> **PROMPT**: Your job is to print, exactly, the lines in the data below from the line with "Hey, what's going" through the line with "And now we'll add", both included, and to omit any picture.

> **INFORMATION PROVIDED**:
● ● ● ● ●

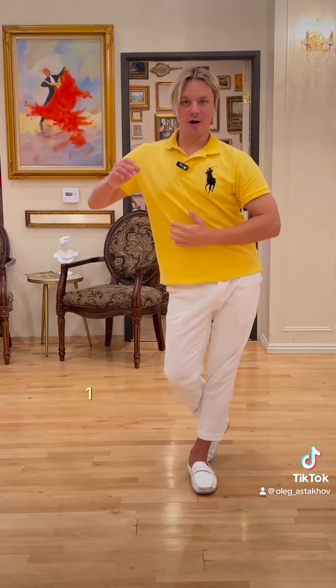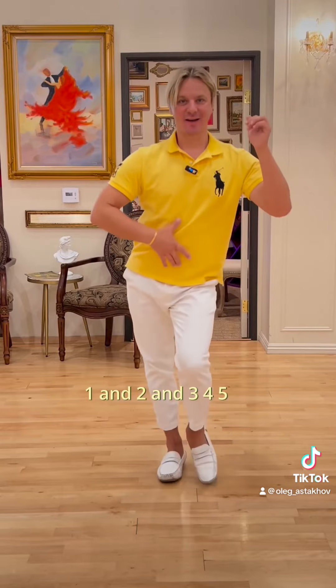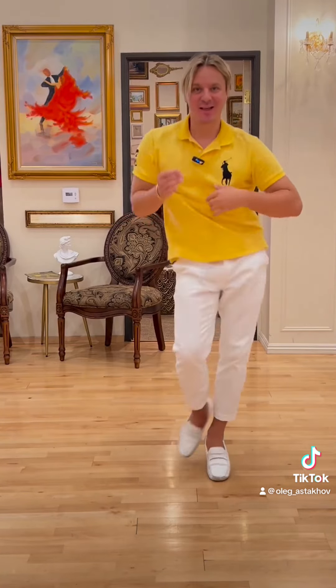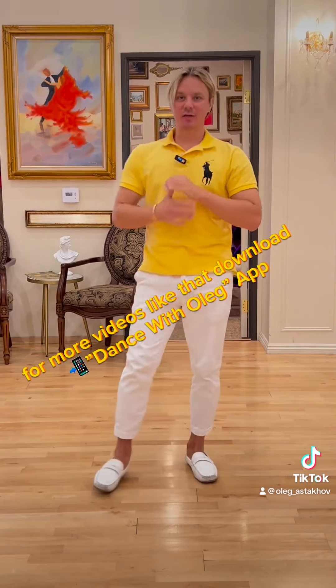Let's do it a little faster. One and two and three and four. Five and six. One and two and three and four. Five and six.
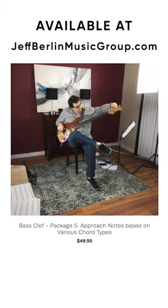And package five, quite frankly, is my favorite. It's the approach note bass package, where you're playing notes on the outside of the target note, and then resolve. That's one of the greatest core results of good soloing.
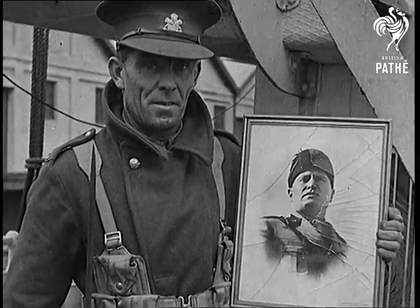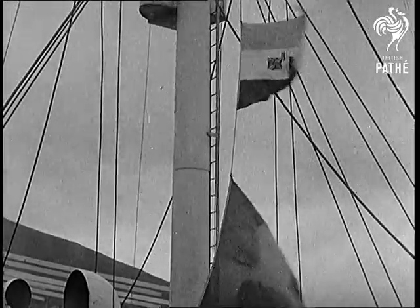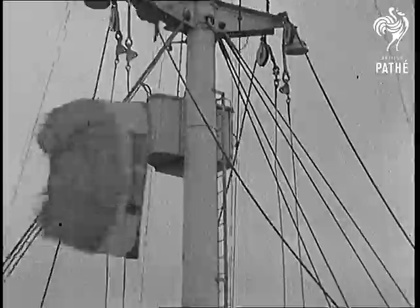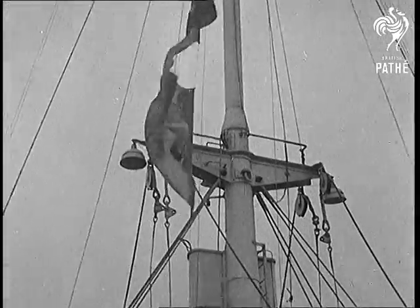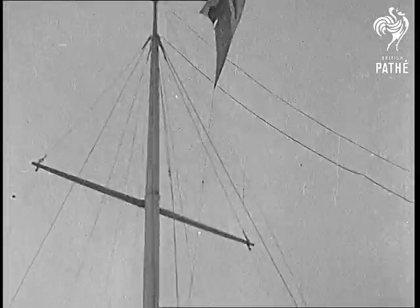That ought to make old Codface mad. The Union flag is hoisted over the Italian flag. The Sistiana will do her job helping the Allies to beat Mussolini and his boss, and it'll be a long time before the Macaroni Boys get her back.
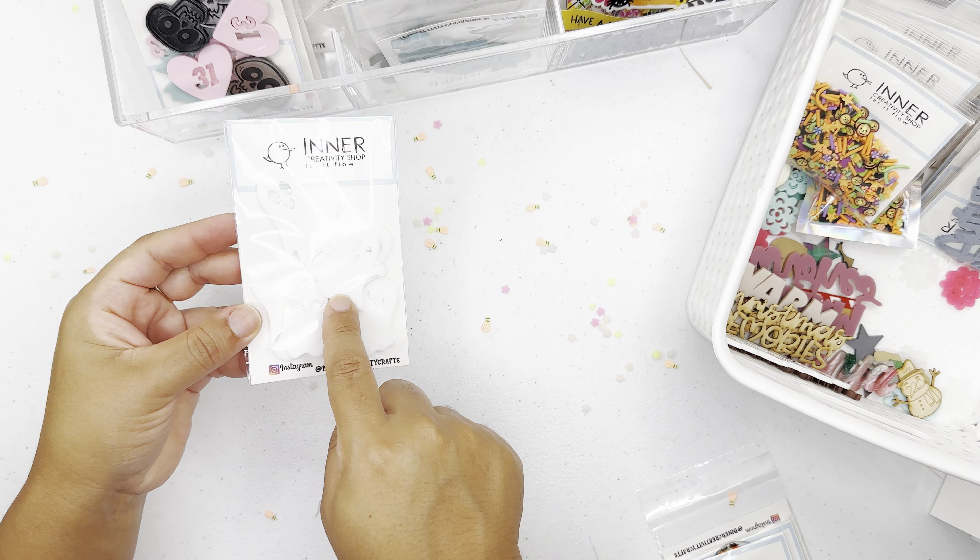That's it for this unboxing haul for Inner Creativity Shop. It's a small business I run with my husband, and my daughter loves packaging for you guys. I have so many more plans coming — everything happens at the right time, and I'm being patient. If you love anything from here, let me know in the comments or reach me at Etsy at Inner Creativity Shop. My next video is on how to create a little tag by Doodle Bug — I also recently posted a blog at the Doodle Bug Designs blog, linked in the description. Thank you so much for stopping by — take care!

● ● ● ● ●

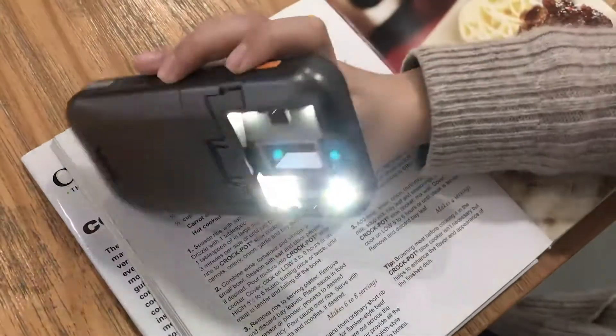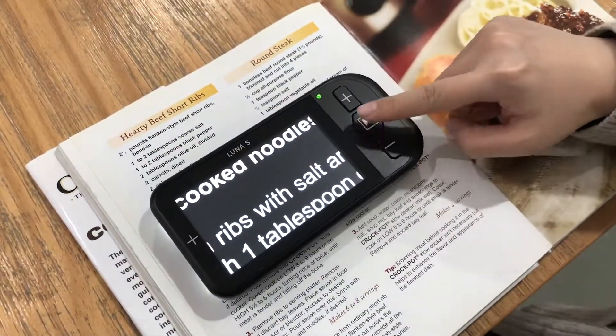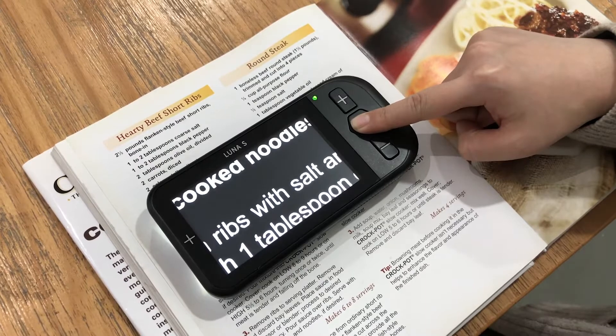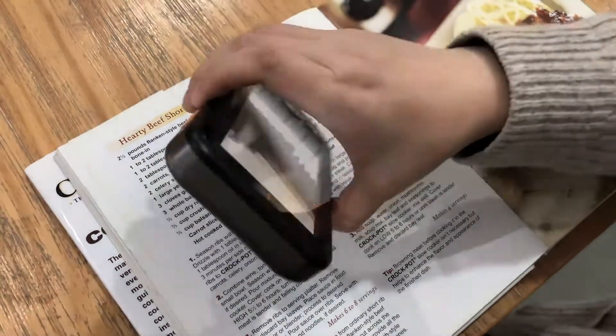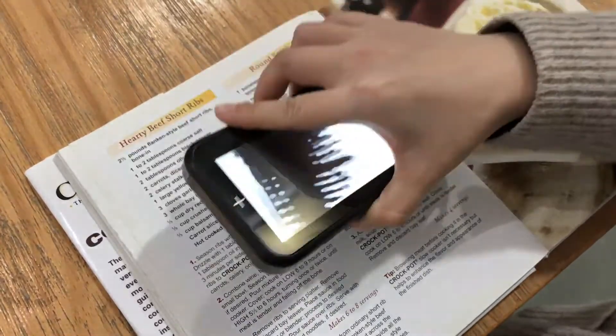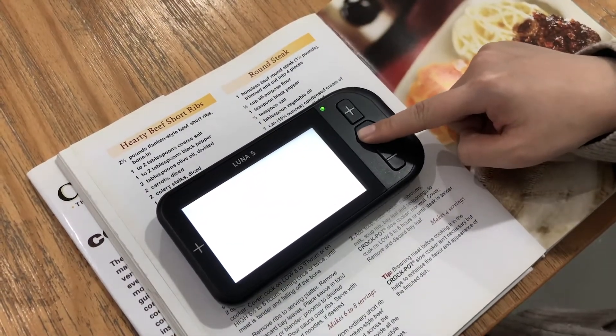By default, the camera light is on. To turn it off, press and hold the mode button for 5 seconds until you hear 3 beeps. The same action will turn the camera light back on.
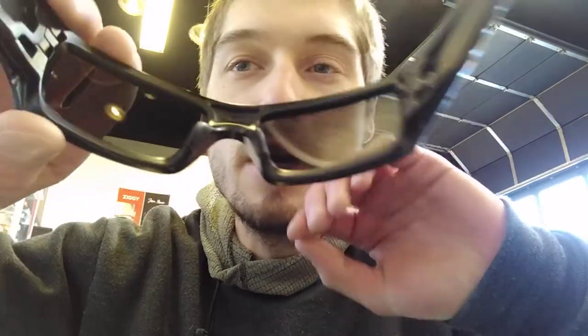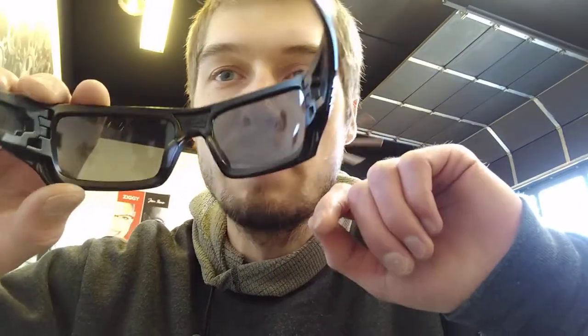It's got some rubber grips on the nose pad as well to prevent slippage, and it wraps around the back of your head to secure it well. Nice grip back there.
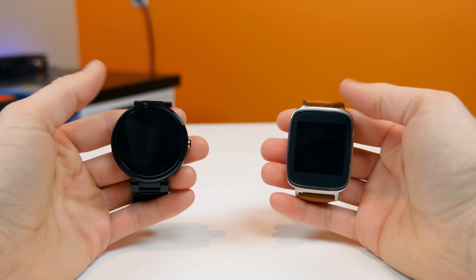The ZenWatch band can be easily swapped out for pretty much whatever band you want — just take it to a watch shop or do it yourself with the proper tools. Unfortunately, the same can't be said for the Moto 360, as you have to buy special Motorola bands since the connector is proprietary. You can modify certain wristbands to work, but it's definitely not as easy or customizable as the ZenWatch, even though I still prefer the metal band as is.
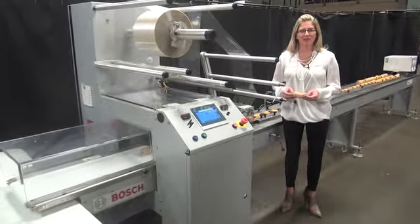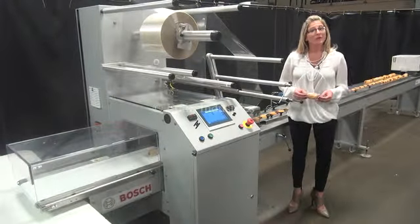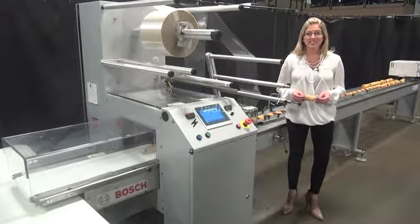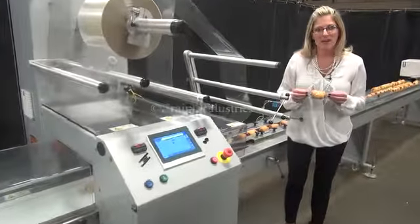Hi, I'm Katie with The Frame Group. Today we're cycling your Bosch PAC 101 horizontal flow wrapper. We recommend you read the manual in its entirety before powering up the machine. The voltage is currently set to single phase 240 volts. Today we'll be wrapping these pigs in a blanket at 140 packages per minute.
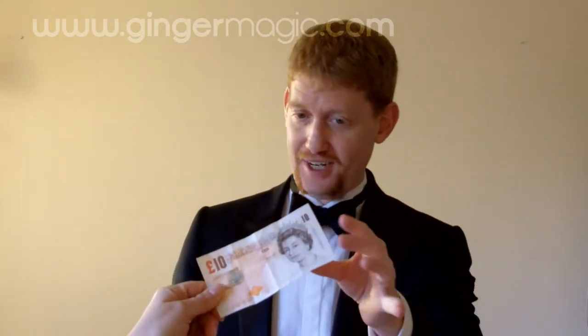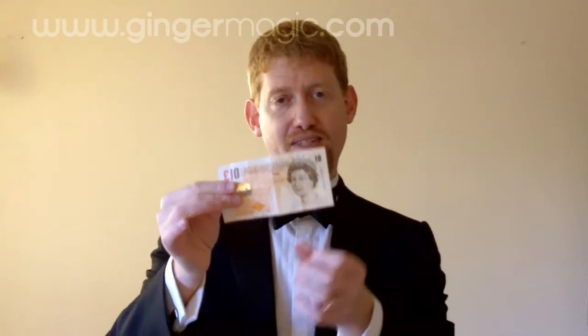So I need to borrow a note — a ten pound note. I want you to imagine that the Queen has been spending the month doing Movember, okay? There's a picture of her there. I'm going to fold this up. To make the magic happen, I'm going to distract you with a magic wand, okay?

● ● ● ● ●

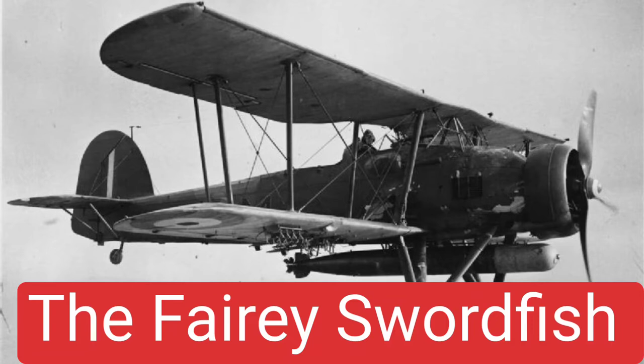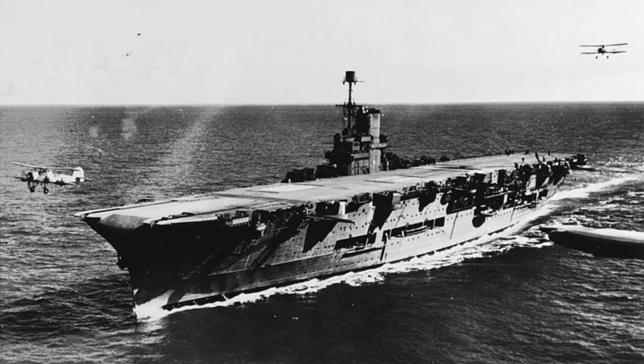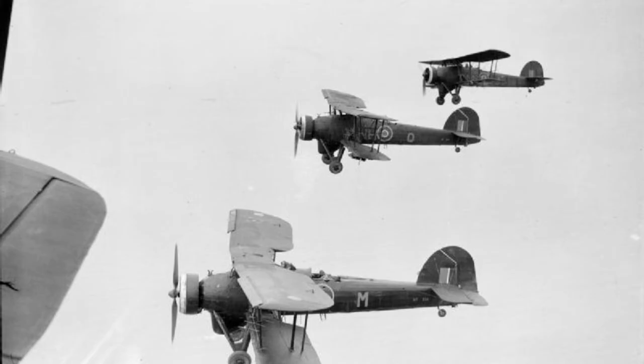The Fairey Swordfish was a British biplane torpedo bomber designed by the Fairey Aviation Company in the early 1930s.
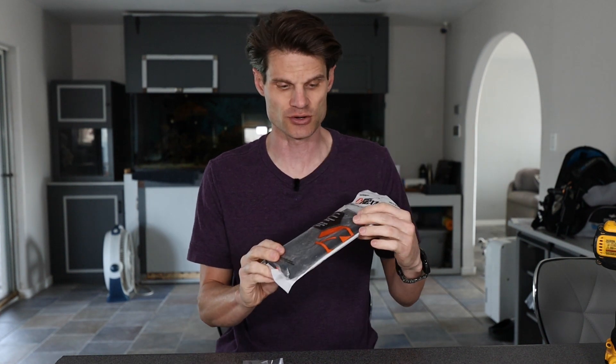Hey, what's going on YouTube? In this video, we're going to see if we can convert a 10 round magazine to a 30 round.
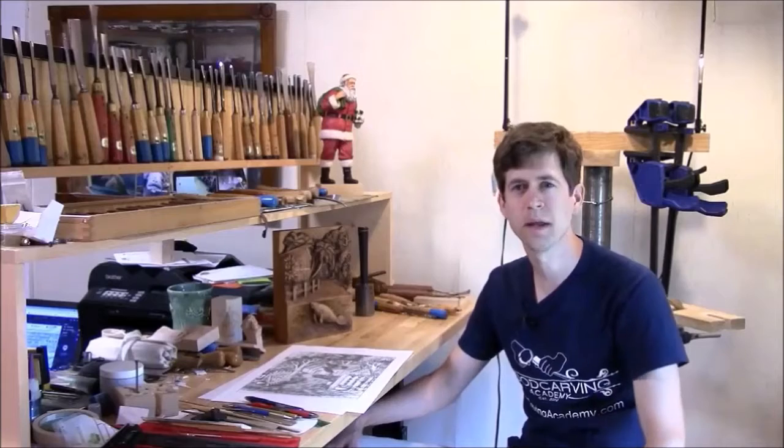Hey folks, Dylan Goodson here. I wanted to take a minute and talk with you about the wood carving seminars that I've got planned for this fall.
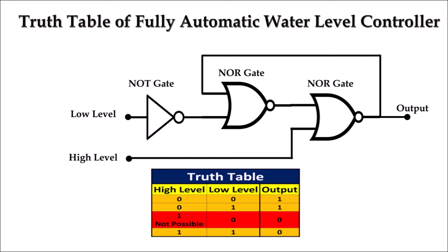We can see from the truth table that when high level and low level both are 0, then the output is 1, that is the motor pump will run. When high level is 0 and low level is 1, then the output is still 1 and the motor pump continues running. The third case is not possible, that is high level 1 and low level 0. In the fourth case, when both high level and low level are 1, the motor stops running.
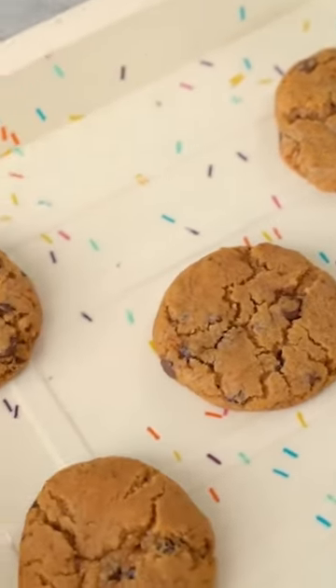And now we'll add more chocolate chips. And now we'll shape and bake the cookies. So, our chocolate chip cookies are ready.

● ● ● ● ●

> **WRITTEN RESPONSE**:
Hey, what's going on YouTube? In this video, we're going to see if we can convert a 10 round magazine to a 30 round.
Hey folks, Dylan Goodson here. I wanted to take a minute and talk with you about the wood carving seminars that I've got planned for this fall.
We can see from the truth table that when high level and low level both are 0, then the output is 1, that is the motor pump will run. When high level is 0 and low level is 1, then the output is still 1 and the motor pump continues running. The third case is not possible, that is high level 1 and low level 0. In the fourth case, when both high level and low level are 1, the motor stops running.
And now we'll add more chocolate chips. And now we'll shape and bake the cookies. So, our chocolate chip cookies are ready.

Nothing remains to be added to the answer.